Problems with small files
and HDFS
A small file is one which
is significantly smaller than the HDFS block size. If you’re storing small
files, then you probably have lots of them (otherwise you wouldn’t turn to
Hadoop), and the problem is that HDFS can’t handle lots of files.
Every file, directory and
block in HDFS is represented as an object in the name node’s memory, each of
which occupies 150 bytes, as a rule of thumb. So, 10 million files, each using a
block, would use about 3 gigabytes of memory. Scaling up much beyond this level
is a problem with current hardware. Certainly, a billion files are not
feasible.
Furthermore, HDFS is not
geared up to efficiently accessing small files: it is primarily designed for
streaming access of large files. Reading through small files normally causes
lots of seeks and lots of hopping from data node to data node to retrieve each
small file, all of which is an inefficient data access pattern
Problems with small files and MapReduce
Map tasks usually process
a block of input at a time (using the default FileInputFormat). If the
file is very small and there are a lot of them, then each map task processes
very little input, and there are a lot more map tasks, each of which imposes
extra bookkeeping overhead. Compare a 1GB file broken into 16 64MB blocks, and
10,000 or so 100KB files. The 10,000 files use one map each, and the job time
can be tens or hundreds of times slower than the equivalent one with a single
input file.
There are a couple of
features to help alleviate the bookkeeping overhead: task JVM reuse for running
multiple map tasks in one JVM, thereby avoiding some JVM startup overhead (see
the mapred.job.reuse.jvm.num. tasks property),
and MultiFileInputSplit which can run more than one split per map.
In general Hadoop handles
big files very well, but when the files are small, it just passes each small
file to a map () function, which is not very efficient because it will create a
large number of mappers. For example, the 1,000’s files of size (2 to 3 MB)

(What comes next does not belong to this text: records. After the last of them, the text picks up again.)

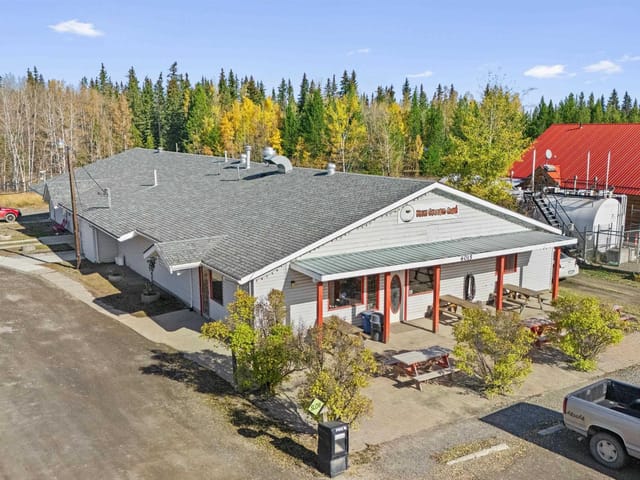 Retail for sale in Lone Butte, 100 Mile House, 6011 Little Fort 24 Highway, 224987216 | Realtylink.org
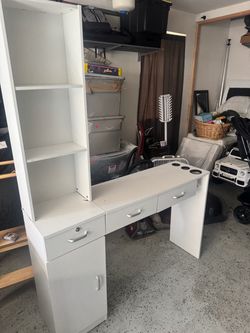 Salon desk for hair or skin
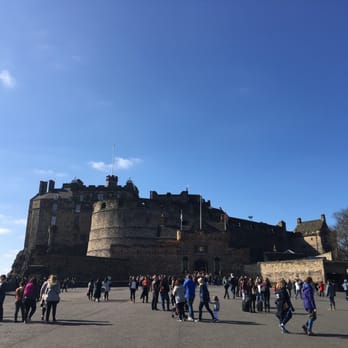 Edinburgh Castle - The castle - Landmarks & Historical Buildings Near Me - Edinburgh, EDH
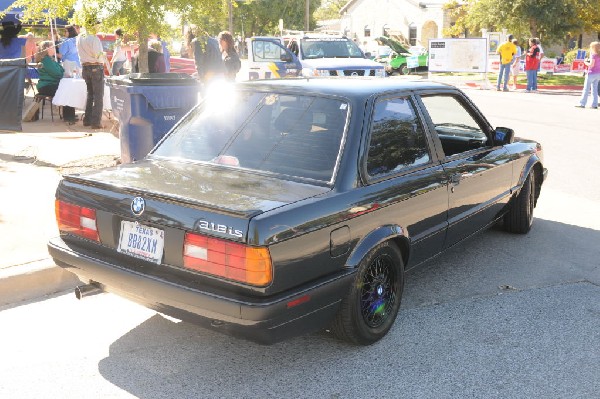 Leander Cars and Coffee Car Show, Leander Texas - 10/31/10 - photo by Jeff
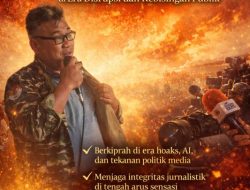 MENJADI LENTERA DI TENGAH BADAI INFORMASI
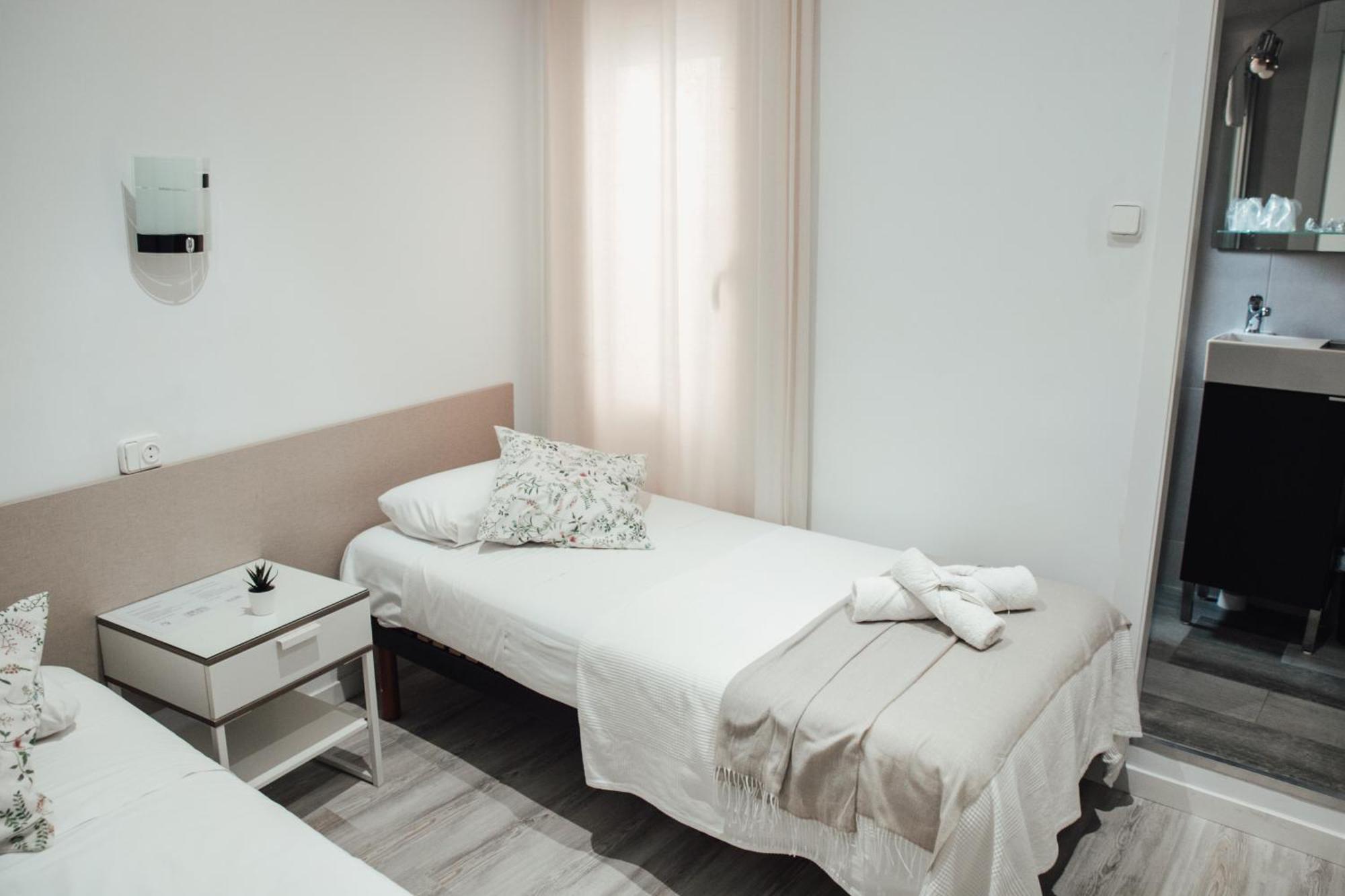 Hostal Ruta De Francia Barselona Dış mekan fotoğraf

will need 1,000 mappers which very inefficient. Having too many small files can
therefore be problematic in Hadoop. To solve this problem, we should merge many
of these small files into one and then process them. And note that Hadoop is
mainly designed for batch-processing a large volume of data rather than
processing many small files. The main purpose of solving the small files
problem is to speed up the execution of a Hadoop program by combining small
files into bigger files. Solving the small files problem will shrink the number
of map() functions executed and hence will improve the overall performance of a
Hadoop job.
The small size problem is 2 folds.
1) Small File problem in HDFS:
Storing lot of small
files which are extremely smaller than the block size cannot be efficiently
handled by HDFS. Reading through small files involve lots of seeks and lots of
hopping between data node to data node, which is in turn inefficient data
processing.
In name node’s memory,
every file, directory, and the block in HDFS is represented as an object. Each
of these objects is in the size of around 300 bytes. If we consider around 20 million
small files, each of these files will be using a separate block. That will
cause to a use of around 6 gigabytes of memory. With the hardware limitations
have, scaling up beyond this level is a problem. With a lot of files, the
memory required to store the metadata is high and cannot scale beyond a limit
2) Small File problem in MapReduce:
In MapReduce, Map task
process a block of data at a time. Many small files mean lots of blocks – which
means lots of tasks, and lots of book keeping by Application Master. This will
slow the overall cluster performance compared to large files processing.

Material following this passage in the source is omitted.